> _The task_
Lines from the first one down to the one containing "2026 Gear Junkie Most Supportive Hiking Shoe" in the data below are the only ones needed; please return them exactly, both ends included.

Stored items from a collection
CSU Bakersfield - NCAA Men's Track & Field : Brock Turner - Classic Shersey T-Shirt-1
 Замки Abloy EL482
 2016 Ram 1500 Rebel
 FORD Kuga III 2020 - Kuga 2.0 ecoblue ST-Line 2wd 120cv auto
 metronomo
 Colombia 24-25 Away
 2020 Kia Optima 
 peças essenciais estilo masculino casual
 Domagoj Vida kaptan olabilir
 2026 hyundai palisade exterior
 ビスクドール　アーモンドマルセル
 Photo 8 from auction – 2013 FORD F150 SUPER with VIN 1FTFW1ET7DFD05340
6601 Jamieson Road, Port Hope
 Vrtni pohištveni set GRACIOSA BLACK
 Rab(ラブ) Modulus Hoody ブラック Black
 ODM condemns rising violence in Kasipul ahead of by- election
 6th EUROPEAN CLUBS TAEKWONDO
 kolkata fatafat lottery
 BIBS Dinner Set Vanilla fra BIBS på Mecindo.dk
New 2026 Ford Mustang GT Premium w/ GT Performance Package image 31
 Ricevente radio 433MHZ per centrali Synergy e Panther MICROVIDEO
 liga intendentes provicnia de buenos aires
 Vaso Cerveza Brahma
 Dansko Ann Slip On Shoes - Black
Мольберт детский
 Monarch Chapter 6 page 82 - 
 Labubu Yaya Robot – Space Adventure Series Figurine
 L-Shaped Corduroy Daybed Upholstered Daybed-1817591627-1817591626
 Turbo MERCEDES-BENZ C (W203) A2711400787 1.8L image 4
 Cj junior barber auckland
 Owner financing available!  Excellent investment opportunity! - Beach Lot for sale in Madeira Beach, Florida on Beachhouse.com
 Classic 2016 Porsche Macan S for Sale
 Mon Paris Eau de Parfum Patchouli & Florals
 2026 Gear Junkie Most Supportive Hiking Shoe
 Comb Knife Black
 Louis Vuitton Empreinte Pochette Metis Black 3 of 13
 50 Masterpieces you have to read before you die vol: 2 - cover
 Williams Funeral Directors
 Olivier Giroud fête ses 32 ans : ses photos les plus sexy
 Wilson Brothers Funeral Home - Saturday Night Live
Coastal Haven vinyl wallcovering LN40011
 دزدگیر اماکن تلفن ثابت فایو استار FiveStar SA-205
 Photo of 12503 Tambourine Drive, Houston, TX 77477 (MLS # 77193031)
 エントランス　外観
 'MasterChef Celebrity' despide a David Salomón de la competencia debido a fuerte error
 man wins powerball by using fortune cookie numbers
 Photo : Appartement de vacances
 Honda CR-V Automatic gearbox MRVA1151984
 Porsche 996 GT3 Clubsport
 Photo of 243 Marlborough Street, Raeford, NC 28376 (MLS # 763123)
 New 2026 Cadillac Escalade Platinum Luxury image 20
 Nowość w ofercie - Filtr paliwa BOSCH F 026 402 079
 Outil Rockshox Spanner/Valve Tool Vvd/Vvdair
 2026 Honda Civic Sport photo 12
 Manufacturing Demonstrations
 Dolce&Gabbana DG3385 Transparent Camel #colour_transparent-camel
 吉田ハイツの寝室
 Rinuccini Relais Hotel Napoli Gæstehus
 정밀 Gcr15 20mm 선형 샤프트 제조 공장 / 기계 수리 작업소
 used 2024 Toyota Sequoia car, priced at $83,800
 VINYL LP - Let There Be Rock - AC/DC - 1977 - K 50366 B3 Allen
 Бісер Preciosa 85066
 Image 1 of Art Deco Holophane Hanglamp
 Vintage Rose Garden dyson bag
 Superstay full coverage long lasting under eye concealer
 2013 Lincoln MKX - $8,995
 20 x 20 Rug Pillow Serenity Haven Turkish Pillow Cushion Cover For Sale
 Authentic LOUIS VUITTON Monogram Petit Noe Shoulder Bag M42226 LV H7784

> _Solution to this task_
CSU Bakersfield - NCAA Men's Track & Field : Brock Turner - Classic Shersey T-Shirt-1
 Замки Abloy EL482
 2016 Ram 1500 Rebel
 FORD Kuga III 2020 - Kuga 2.0 ecoblue ST-Line 2wd 120cv auto
 metronomo
 Colombia 24-25 Away
 2020 Kia Optima 
 peças essenciais estilo masculino casual
 Domagoj Vida kaptan olabilir
 2026 hyundai palisade exterior
 ビスクドール　アーモンドマルセル
 Photo 8 from auction – 2013 FORD F150 SUPER with VIN 1FTFW1ET7DFD05340
6601 Jamieson Road, Port Hope
 Vrtni pohištveni set GRACIOSA BLACK
 Rab(ラブ) Modulus Hoody ブラック Black
 ODM condemns rising violence in Kasipul ahead of by- election
 6th EUROPEAN CLUBS TAEKWONDO
 kolkata fatafat lottery
 BIBS Dinner Set Vanilla fra BIBS på Mecindo.dk
New 2026 Ford Mustang GT Premium w/ GT Performance Package image 31
 Ricevente radio 433MHZ per centrali Synergy e Panther MICROVIDEO
 liga intendentes provicnia de buenos aires
 Vaso Cerveza Brahma
 Dansko Ann Slip On Shoes - Black
Мольберт детский
 Monarch Chapter 6 page 82 - 
 Labubu Yaya Robot – Space Adventure Series Figurine
 L-Shaped Corduroy Daybed Upholstered Daybed-1817591627-1817591626
 Turbo MERCEDES-BENZ C (W203) A2711400787 1.8L image 4
 Cj junior barber auckland
 Owner financing available!  Excellent investment opportunity! - Beach Lot for sale in Madeira Beach, Florida on Beachhouse.com
 Classic 2016 Porsche Macan S for Sale
 Mon Paris Eau de Parfum Patchouli & Florals
 2026 Gear Junkie Most Supportive Hiking Shoe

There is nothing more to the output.